The federal appeals court reviewing the governments antitrust settlement with Microsoft Corp. reopened questions at the core of the historic case. Should the software company be allowed to commingle middleware with its operating system? To what extent must it disclose technical information? And what, exactly, did it gain by the illegal steps it took to maintain its desktop operating system monopoly?
A six-judge panel of the U.S. Court of Appeals for the District of Columbia Circuit last week heard here two cases brought by Massachusetts and by two trade associations of rival technology companies. All seek to overturn the agreement entered one year ago to remedy the illegal actions Microsoft, based in Redmond., Wash., took vis-à-vis Netscape Navigator and Java.
The judges asked difficult, often highly technical questions of attorneys for both sides, making it difficult to forecast an outcome, but Microsofts challengers said they were heartened by the depth of the courts review.
The judges "were encouraging in the sense that they went to the heart of the case," said Robert Bork following the court arguments. Bork represented the Computer and Communications Industry Association and the Software and Information Industry Association. He was formerly a judge on the appeals court.

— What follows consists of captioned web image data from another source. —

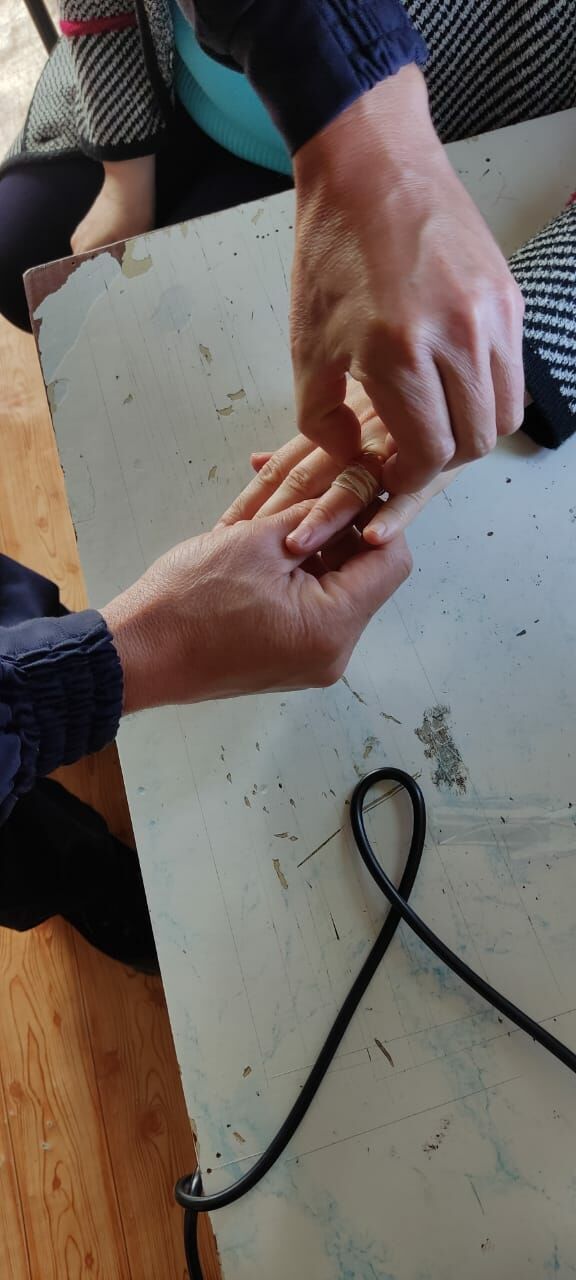 В Татарстане спасатели «дедовским способом» сняли застрявшее на пальце кольцо
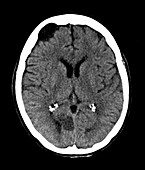 CT image of Head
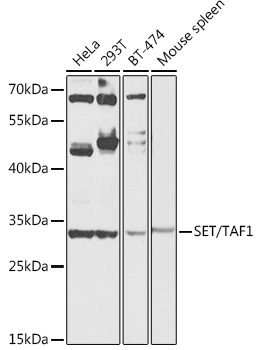 SET/TAF1 Rabbit Polyclonal Antibody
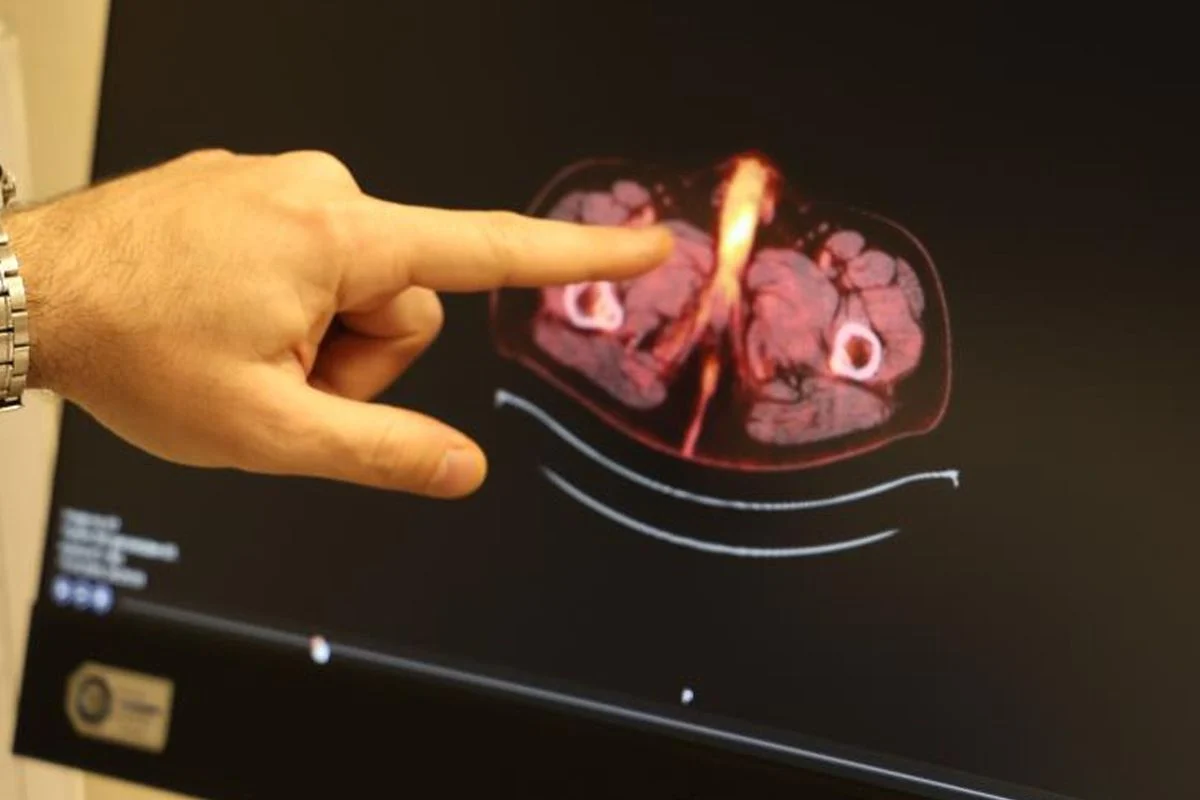 Tıp literatürüne giren son isim: Diyarbakırlı gencin penisi alındı!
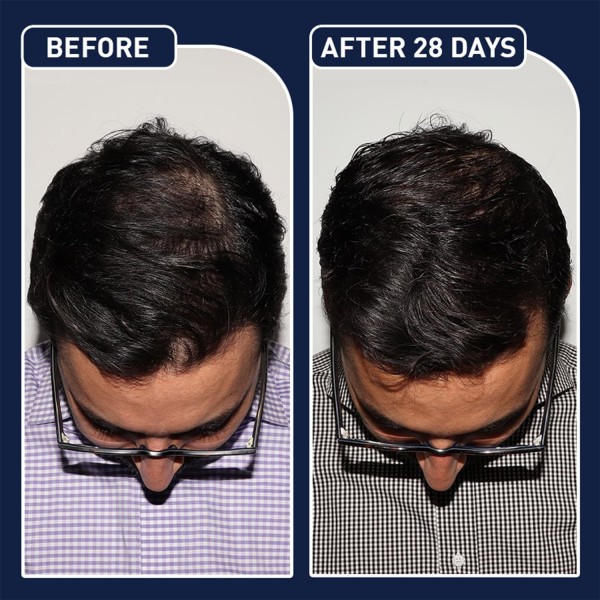 البخاخ الامريكي لنمو الشعر FEG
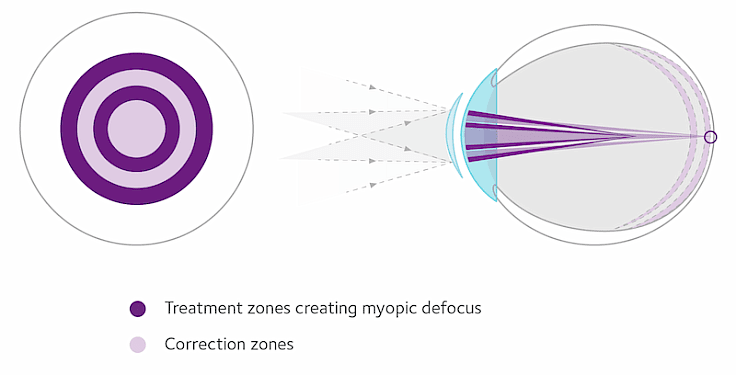 Illustration showing eye treatment zones designed to create myopic defocus for effective myopia control.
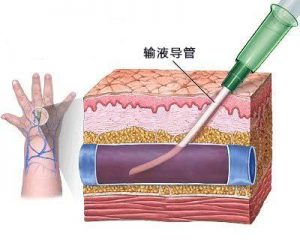 图8. 静脉注射示意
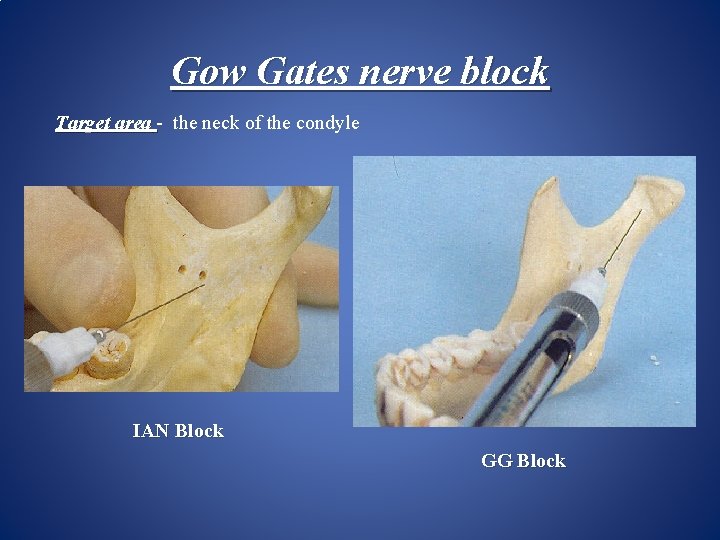 Gow Gates nerve block Target area - the neck of the condyle IAN Block
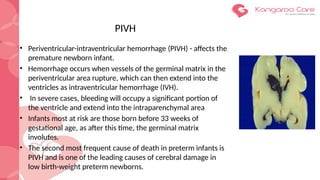 IVH and Head Scan Protocols in preterm babies | PPTX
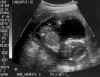 babyboy1.jpg (22538 bytes)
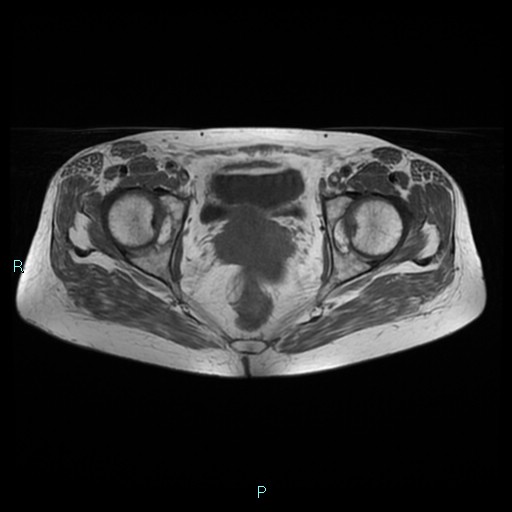 File:Bilateral ovarian fibroma (Radiopaedia 44568-48293 Axial T1 20).jpg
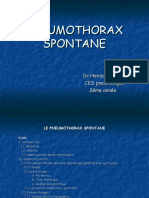 cupdf.com_pneumothorax-spontane-55849a169d557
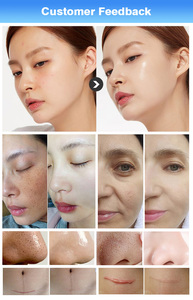 SPA906 Professional 15 in 1 Aqua Peel Facial Rejuvenation Lifting Skin Care Beauty Hydro Microdermabrasion <b>Machine</b> - Product Image 6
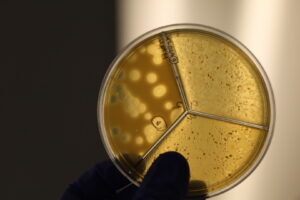 A hand holds up a yellow Petri dish divided into thirds with some spots.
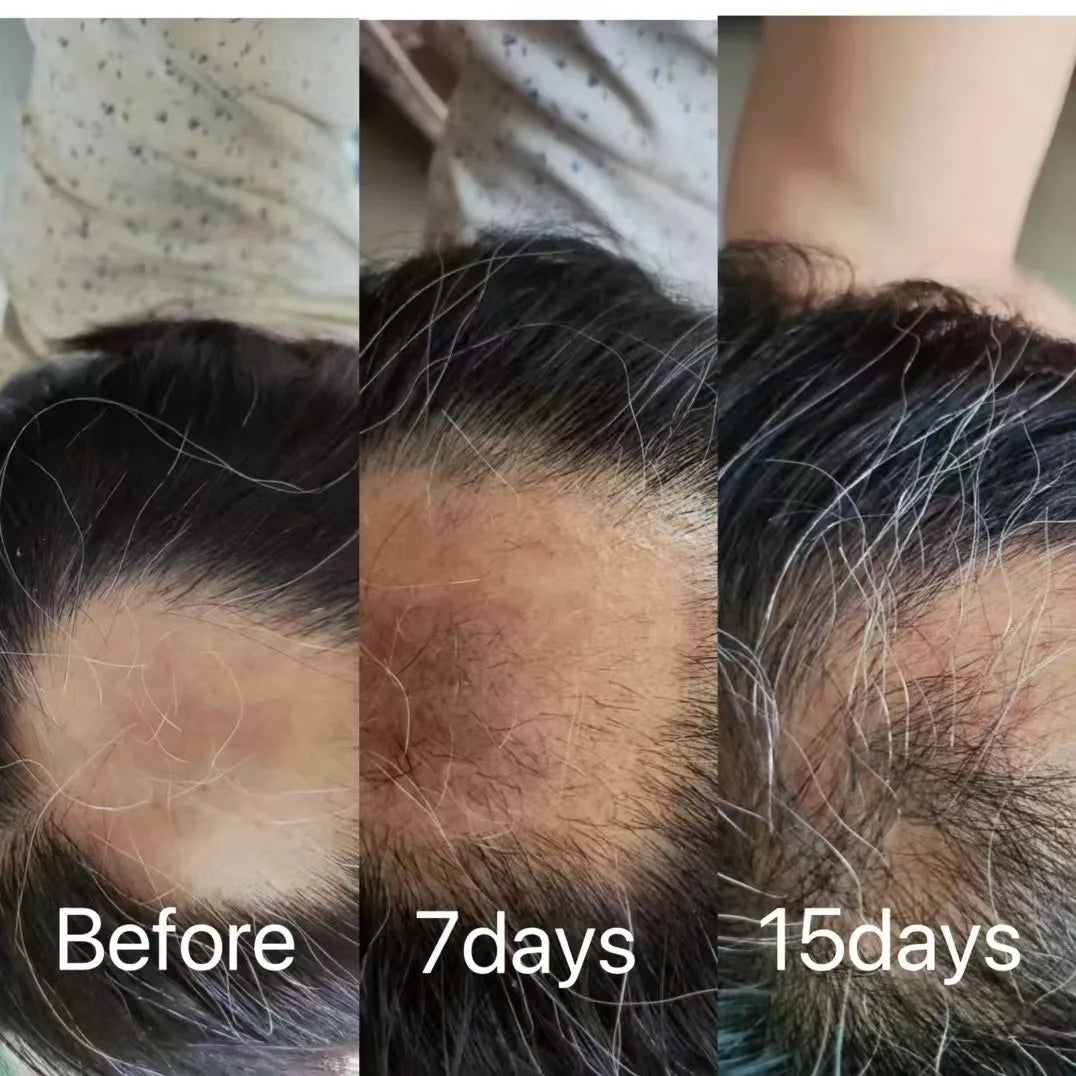 G Private Label Scalp Damaged Solution Nourish Roots Fast Grow Anti Hair Loss Serum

Massachusetts Attorney General Tom Reilly said the outcome of the cases will determine whether the countrys antitrust laws will be enforced and if they can be effective. Eighteen states plus the District of Columbia joined the antitrust suit against Microsoft. All but Massachusetts have settled.
"Were seeing the consolidation of power in the hands of a few," Reilly said. "Theres a lot at stake here for ordinary people."
Microsoft attorney Brad Smith said that the settlement is "tough but fair" and that his company is hopeful the agreement will stand.
Deputy Assistant Attorney General Deborah Majoras argued that trade groups are not entitled to intervene in the case, but several judges voiced skepticism about that position. They focused their questions on the substance of the antitrust remedy and grilled attorneys for both sides on their role in overseeing the settlement.
Microsoft attorney Steven Holly said the settlement "basically has to be a complete capitulation by government" for the court to overturn it.
No further arguments are expected before the panel, which will likely issue a ruling early next year.